I was apprehensive, this being my first workout undertaken at Her Majesty’s Pleasure with Bruce and the gang. But any fears were dispelled when it became apparent how friendly and genuine the prisoners were, all of them eager to greet and introduce themselves to the LSW group. We started our session in a circle with a few energetic games – from charging across the circle avoiding being caught, to attempting to avoid reciprocal eye-contact with each other. I had the ill-fortune to be out first time with the latter game, but I wasn’t cursing myself for too long as the afternoon was proving to be quite pacey.

 

Making lots of noise is always fun, and the release of visceral energy with rhythmic sounds and movements at the start of the session got the group laughing together and began to break down any barriers of nerves.

 

A couple of wardens had come from another wing especially to join us that afternoon, which was pretty cool of them. The group continued to warm up considerably as the opportunity presented itself of using the Shakespeare Insult Kit – the prisoners with a script of interchangeable Shakespearean terms, and the LSW actors with nothing but their wits to rely on. I hope that this is the only time that a failure of imagination will prompt me to call someone a yellow-fingered piece of radiator paint. But for the first time in LSW history the tables were turned, and the prisoners asked to be the givers of the freeform insults. The imaginative abuse that confronted us from the prisoners standing opposite thankfully put my radiator paint insult to shame. There is something very empowering about not having the script in this game, and it was good for this role-reversal to have taken place.

 

The group’s rewriting of Hamlet’s poor Yorick (poor David Beckham) and Macbeth’s dagger speeches with modern names and adjectives replacing Shakespeare’s was an amusing prelude to an investigation of iambs involving much chest-beating and chanting. It was apparent that everything from the superficial to the profound could be spoken in heartfelt five-beat lines. Then, starting with a chunk of Shakespeare’s Venus & Adonis, we were challenged to continue Shakespeare’s lines in our own words to express our own feelings and thoughts.

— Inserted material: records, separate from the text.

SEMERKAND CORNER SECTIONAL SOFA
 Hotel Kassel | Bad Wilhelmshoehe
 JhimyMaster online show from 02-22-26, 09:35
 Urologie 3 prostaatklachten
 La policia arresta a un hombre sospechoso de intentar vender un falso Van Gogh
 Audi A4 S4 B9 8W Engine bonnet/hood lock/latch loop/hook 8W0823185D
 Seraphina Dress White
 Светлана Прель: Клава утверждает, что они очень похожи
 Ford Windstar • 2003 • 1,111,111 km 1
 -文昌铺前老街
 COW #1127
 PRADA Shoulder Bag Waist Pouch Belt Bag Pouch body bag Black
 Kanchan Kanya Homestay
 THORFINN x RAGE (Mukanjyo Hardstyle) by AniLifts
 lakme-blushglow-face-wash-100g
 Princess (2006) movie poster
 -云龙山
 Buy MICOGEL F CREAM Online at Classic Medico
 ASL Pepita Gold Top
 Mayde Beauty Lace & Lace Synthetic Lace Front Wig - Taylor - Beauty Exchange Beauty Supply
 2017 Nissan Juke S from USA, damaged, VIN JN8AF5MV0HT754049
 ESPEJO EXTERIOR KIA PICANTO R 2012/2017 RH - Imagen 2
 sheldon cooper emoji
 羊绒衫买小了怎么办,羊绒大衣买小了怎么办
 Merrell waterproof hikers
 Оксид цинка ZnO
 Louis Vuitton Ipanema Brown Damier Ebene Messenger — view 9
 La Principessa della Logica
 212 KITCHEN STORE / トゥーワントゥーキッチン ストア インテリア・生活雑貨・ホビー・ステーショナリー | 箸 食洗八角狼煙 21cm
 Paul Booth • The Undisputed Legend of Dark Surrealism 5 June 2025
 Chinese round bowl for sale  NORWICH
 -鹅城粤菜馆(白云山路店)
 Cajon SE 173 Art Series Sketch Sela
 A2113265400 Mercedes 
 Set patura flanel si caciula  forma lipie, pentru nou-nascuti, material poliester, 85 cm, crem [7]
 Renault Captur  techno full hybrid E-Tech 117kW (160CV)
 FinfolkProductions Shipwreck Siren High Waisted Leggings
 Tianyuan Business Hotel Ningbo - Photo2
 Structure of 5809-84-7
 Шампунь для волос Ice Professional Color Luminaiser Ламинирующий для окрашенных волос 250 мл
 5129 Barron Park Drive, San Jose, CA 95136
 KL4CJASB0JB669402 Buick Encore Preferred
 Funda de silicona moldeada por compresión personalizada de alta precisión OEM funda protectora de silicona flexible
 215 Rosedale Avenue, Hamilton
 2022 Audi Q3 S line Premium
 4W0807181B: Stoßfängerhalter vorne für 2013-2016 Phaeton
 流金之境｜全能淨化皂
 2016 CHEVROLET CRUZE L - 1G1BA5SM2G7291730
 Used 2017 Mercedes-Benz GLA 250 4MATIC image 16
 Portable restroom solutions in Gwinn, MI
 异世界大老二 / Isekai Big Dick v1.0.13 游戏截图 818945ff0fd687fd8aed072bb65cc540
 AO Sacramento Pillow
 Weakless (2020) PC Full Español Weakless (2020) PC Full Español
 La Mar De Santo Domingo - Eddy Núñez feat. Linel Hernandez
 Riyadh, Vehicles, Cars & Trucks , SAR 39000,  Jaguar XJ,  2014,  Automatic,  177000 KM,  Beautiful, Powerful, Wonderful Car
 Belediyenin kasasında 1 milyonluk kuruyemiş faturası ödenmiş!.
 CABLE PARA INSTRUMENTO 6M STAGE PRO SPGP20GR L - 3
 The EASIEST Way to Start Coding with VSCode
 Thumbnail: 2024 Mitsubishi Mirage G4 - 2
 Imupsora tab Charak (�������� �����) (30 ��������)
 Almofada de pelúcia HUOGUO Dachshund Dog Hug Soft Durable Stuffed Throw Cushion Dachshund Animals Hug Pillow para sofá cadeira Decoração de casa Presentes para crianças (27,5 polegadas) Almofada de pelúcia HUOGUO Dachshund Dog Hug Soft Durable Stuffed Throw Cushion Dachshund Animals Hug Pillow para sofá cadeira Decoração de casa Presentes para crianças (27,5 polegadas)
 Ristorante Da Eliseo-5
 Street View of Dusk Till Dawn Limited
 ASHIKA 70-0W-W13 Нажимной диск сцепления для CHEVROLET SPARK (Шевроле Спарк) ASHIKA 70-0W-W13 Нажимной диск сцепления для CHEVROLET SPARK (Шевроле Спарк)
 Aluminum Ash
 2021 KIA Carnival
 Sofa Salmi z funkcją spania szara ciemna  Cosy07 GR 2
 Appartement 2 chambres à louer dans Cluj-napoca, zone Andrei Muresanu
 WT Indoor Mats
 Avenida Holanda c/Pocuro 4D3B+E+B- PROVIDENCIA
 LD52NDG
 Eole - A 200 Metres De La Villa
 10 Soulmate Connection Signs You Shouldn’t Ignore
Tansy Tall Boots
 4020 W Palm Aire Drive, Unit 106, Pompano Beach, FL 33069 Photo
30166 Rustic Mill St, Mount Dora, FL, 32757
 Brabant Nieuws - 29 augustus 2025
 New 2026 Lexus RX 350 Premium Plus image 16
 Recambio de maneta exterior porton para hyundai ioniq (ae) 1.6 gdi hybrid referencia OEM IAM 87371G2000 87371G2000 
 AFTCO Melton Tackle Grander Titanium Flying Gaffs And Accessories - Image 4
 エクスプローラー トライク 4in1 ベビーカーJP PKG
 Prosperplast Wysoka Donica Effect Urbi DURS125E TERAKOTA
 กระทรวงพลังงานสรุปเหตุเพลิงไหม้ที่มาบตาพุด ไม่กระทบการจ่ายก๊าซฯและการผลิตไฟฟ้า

With various individual and collaborative contributions ensuing, what followed was an array of wildly different verses. Subjects from the intense to the bizarre came up as everyone in the group shared what they had written. Such situations as the comical discovery of an ex-girlfriend’s new-found lesbianism, the frustration of a nagging partner, the love for a husband and a statement of intent to make the most of the future following prison came up in the poetry that the group wrote. The poetry came easier to some people than it did to others – the guy I was writing with pointing to his head saying there was too much going on in there to write anything today. But even those, including him, who were insistent that they couldn’t or wouldn’t write anything ended up contributing a line or three to the resulting poesy.

 

We did not have time for ‘Clumps’, but the group finished on a high, with a quick set of two-line plays being performed around the circle. I felt privileged to have met some people who I may never have met in the normal course of my life, and it was great to see how much talent there was among the prisoners at Rochester. As we left the prison, one of the prison workers called to us from his car that this was the most fun he had had in ‘absolutely ages’. It was wonderful to have been part of something so positive, and it was great to have had the privilege to see a tiny segment of life in prison. I hope that wardens and prisoners were moved as much by the afternoon as many of LSW members were.